Palumbi figures that the 100,000 whales of centuries ago would includes both types of whales, and the massive decline can be explained by Asian whaling. The western gray whales number only in the hundreds and are on the precipice of extinction, he said.
Getting the eastern Pacific whales back to nearly 20,000 is "a great success story, don't get me wrong," Palumbi said. "It's not a success story that's finished yet."
If the whales aren't at their natural limit, then some other problem is harming them, Palumbi said. And that has to do with a food shortage and global warming, researchers theorize.
The gray whale relies on massive numbers of small crustaceans that live in the Arctic regions, Palumbi said. That food supply may have been cut because of warmer waters, he said.

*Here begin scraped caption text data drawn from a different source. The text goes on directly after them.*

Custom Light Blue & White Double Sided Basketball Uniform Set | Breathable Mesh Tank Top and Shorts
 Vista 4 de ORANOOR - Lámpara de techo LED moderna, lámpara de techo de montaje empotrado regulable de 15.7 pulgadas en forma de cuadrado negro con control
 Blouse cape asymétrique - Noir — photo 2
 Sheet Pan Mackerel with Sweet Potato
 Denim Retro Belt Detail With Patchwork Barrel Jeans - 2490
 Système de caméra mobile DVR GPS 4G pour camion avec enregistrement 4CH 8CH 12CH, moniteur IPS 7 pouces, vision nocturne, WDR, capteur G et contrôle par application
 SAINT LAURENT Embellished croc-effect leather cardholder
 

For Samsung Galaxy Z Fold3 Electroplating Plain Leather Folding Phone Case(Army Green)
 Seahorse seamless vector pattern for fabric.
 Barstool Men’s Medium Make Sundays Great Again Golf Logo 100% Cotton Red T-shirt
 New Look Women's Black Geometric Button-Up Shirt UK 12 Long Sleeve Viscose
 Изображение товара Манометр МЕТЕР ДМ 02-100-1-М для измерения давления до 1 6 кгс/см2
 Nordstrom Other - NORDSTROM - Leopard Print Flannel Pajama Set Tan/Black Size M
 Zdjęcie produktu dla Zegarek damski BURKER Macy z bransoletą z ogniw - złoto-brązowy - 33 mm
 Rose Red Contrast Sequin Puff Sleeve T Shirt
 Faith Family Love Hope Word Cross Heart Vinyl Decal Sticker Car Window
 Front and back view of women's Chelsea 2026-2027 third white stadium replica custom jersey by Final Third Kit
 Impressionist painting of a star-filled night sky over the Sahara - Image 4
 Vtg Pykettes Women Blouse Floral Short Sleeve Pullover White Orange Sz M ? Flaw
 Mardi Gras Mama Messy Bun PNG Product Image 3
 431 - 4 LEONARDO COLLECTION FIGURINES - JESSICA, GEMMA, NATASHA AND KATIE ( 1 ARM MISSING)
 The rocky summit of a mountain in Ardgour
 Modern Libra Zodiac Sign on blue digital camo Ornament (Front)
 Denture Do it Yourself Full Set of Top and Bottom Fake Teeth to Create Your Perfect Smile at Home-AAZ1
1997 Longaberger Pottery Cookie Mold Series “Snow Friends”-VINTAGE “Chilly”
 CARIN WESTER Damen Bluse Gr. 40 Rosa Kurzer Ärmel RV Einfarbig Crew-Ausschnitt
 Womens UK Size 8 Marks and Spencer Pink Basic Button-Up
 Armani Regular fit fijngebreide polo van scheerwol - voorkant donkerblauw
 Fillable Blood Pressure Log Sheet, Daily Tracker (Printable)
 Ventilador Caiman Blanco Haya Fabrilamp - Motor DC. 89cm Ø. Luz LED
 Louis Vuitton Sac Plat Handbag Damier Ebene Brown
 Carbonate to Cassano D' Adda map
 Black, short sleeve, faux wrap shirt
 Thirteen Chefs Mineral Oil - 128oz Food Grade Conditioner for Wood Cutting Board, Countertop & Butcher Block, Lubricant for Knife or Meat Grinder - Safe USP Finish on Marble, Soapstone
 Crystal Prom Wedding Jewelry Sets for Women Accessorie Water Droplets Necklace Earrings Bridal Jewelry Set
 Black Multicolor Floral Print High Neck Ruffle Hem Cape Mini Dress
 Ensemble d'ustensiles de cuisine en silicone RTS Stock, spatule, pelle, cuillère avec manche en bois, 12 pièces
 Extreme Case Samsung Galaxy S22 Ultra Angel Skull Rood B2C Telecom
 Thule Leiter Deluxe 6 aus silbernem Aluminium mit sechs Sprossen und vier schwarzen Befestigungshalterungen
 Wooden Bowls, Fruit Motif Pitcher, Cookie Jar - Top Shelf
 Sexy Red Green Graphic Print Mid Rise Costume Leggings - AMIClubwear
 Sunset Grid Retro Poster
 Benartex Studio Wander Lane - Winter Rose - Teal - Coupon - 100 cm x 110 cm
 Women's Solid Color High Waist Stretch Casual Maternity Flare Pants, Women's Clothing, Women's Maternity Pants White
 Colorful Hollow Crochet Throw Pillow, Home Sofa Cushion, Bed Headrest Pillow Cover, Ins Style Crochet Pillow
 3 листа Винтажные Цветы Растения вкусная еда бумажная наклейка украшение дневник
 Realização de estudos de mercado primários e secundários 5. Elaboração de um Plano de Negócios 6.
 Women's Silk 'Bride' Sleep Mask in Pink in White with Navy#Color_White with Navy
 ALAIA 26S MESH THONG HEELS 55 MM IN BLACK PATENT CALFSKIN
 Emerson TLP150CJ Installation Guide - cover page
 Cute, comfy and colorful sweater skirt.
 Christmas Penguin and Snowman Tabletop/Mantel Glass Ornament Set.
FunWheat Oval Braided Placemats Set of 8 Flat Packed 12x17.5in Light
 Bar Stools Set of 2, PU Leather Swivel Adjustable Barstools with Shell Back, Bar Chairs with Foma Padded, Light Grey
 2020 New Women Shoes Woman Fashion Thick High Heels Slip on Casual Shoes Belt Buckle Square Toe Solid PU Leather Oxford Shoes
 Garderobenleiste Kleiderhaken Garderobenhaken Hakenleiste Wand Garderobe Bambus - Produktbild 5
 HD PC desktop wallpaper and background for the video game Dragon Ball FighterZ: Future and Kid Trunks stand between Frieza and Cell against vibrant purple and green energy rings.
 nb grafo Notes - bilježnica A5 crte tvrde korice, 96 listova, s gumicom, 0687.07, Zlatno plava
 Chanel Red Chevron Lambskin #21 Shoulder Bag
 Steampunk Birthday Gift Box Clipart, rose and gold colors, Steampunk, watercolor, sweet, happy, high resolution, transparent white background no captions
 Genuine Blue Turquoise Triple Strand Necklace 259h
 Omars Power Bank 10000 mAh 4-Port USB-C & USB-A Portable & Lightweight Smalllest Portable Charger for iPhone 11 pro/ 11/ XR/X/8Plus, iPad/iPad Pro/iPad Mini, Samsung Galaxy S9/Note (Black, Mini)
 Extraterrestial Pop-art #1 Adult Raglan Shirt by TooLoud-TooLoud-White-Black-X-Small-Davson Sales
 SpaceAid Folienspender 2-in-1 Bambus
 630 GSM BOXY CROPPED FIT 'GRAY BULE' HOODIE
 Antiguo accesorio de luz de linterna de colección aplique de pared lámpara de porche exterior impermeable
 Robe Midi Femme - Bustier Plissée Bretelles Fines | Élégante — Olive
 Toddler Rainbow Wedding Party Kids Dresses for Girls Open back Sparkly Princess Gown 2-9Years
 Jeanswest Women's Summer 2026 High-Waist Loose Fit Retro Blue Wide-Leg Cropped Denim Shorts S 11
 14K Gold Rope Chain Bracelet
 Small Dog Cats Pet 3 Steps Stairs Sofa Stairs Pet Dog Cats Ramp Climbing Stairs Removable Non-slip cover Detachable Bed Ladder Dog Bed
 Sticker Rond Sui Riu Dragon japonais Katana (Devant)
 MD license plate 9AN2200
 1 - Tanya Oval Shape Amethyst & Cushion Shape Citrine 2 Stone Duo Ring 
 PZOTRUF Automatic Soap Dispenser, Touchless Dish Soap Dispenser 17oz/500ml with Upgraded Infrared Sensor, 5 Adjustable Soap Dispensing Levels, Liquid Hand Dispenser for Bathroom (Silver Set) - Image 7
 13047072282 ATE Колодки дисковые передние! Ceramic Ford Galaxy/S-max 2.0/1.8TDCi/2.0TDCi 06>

National Marine Fisheries Services whale expert Stephen Swartz who is investigating the problem of the starving gray whales said earlier this month that the issue may be connected with global warming.
Frances Gulland, director of veterinary science at the Marine Mammal Center in Sausalito, Calif., examined some of the whales that died in the 2000 and agreed with Palumbi that the new estimates on past population indicate that something bad is happening now.